New York food writer Emily Elyse Miller’s new cookbook, “Breakfast,” covers everyone’s favorite meal to epic proportions. There are 380 recipes from across the globe, representing more than 80 countries, in the tome, out Wednesday.
One recipe in particular hits close to home: a bagel with a schmear of cream cheese and lox.
“When toppings like coarse salt, sesame seeds, poppy seeds, ‘everything’ seasoning (as in this recipe) or onion get thrown into the mix, ordering New York’s most iconic breakfast becomes a highly personal experience,” writes Miller, who also runs the BreakfastClub series.
If you’re inspired to make your own bagel (complete with homemade everything seasoning), get boiling and baking with this recipe.
Everything bagel with cream cheese and lox
Serves: 6 bagels
For the dough
- 2 tsp. honey or barley malt syrup
- 3/4 cup plus 3 tbsp. warm water
- 1 1/2 tsp. active dry yeast
- 2 1/4 cups bread flour (strong white flour)
- 1 1/4 tsp. fine sea salt
For the “everything” topping
- 2 tbsp. poppy seeds
- 2 tbsp. sesame seeds
- 1 tbsp. caraway seeds
- 1 tbsp. dried garlic (garlic powder)
- 1 tbsp. dried onion
- 2 tsp. fine sea salt
For the poaching bath
- 1 tbsp. honey or barley malt syrup
- 1 tsp. baking soda
1. In a small bowl, dissolve the honey in the water. Add the yeast and set the mixture aside until the yeast is frothy, about 10 minutes.
2. In a medium bowl, mix the flour with the salt. Add the yeast mixture and stir with a wooden spoon until a shaggy dough forms, pulling away from the sides of the bowl. Knead the dough until it’s firm and elastic, 10 minutes. Place the dough in a lightly oiled bowl and cover with a tea towel. Let rest until it has doubled in size, 1½ hours.
3. Transfer the dough to a work surface and divide into 6 equal portions. Allow to rest for 5 minutes before rolling each portion of dough into a rope 8 inches long. Wrap around your four fingers with the two ends meeting under your hand. Roll the end pieces together to fuse. Place the shaped bagels on a lined baking sheet, cover tightly in plastic wrap (cling film), and refrigerate overnight, 8-12 hours.
4. Combine all topping ingredients in a small bowl.
5. Remove bagels from the refrigerator and allow to sit for 30 minutes. Fill a bowl with water. Throw in a bagel. If it floats, the bagels are ready to poach. If it doesn’t, wait 10 minutes and try again.
6. Preheat the oven to 425 degrees. Meanwhile, prepare the poaching bath. In a large saucepan, bring 2 quarts water to a boil.
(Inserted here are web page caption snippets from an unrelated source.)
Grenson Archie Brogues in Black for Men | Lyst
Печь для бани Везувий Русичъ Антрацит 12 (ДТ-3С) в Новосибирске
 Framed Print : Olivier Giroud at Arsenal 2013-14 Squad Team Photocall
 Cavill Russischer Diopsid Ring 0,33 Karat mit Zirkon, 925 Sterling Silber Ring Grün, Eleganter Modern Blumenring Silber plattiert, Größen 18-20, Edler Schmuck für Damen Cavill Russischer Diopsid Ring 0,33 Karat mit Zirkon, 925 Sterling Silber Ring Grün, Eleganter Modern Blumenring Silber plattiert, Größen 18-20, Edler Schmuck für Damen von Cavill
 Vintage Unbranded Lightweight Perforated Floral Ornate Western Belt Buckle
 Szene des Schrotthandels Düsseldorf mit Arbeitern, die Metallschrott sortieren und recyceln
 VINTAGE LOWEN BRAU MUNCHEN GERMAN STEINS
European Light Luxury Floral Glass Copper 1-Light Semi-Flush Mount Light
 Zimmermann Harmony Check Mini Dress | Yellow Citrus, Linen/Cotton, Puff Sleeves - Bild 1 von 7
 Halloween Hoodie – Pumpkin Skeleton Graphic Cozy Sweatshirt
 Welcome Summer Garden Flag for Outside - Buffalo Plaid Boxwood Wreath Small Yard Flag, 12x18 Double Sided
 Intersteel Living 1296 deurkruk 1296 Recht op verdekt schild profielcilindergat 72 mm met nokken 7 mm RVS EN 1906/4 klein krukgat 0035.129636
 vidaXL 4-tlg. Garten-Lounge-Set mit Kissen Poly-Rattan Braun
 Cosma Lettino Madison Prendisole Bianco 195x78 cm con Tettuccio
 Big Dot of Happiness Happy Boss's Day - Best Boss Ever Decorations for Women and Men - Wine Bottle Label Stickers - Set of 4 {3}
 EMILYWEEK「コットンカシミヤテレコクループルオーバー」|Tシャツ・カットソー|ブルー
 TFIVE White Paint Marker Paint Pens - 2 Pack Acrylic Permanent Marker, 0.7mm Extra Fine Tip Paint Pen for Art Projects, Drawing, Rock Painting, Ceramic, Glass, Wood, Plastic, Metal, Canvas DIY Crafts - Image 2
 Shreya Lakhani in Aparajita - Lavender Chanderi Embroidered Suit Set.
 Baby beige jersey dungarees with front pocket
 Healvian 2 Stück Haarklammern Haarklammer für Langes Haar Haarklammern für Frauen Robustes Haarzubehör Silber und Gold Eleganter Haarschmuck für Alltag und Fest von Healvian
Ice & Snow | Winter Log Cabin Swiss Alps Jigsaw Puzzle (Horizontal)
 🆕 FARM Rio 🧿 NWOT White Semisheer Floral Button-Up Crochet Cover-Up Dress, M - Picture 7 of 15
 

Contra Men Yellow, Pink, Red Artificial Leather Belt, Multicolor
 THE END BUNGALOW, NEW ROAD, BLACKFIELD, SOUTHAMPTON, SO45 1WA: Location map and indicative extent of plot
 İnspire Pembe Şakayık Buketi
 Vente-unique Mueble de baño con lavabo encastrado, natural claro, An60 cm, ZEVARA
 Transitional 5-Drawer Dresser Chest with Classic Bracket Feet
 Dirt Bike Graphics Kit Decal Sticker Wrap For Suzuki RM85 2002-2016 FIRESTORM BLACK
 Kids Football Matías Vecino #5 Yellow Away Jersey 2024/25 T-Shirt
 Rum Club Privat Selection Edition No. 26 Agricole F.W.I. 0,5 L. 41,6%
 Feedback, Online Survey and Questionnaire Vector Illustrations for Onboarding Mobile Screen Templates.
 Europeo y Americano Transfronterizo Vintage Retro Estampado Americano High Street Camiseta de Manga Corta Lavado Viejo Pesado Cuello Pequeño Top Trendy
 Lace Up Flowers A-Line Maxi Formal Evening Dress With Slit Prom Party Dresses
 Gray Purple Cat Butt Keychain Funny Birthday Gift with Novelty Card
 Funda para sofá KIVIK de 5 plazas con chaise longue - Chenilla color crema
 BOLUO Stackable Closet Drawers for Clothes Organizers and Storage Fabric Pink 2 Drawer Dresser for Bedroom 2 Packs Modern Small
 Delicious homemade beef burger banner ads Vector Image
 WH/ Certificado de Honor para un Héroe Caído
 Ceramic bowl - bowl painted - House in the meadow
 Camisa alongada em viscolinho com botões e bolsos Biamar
Reduce the heat to low and stir in the honey and baking soda.
7. Poach the bagels: Using a slotted spoon, lower 3 bagels at a time into the liquid. Cook on one side for 1 minute. Flip the bagels over to poach the other side, 1 minute more. Using a slotted spoon, return to the lined baking sheet. Repeat with the remaining bagels. Sprinkle with the everything topping.
8. Reduce the oven temperature to 425 degrees and bake the bagels until golden, 18-20 minutes, rotating the sheet front to back halfway through baking.
9. To serve: Halve a bagel and toast if desired. Smear with cream cheese and top with lox. Sandwich the halves together and cut in half crosswise. Store any leftover bagels in the freezer for up to 3 months.
Adapted from “Breakfast: The Cookbook” by Emily Elyse Miller (Phaidon, $49.95, May 29, 2019).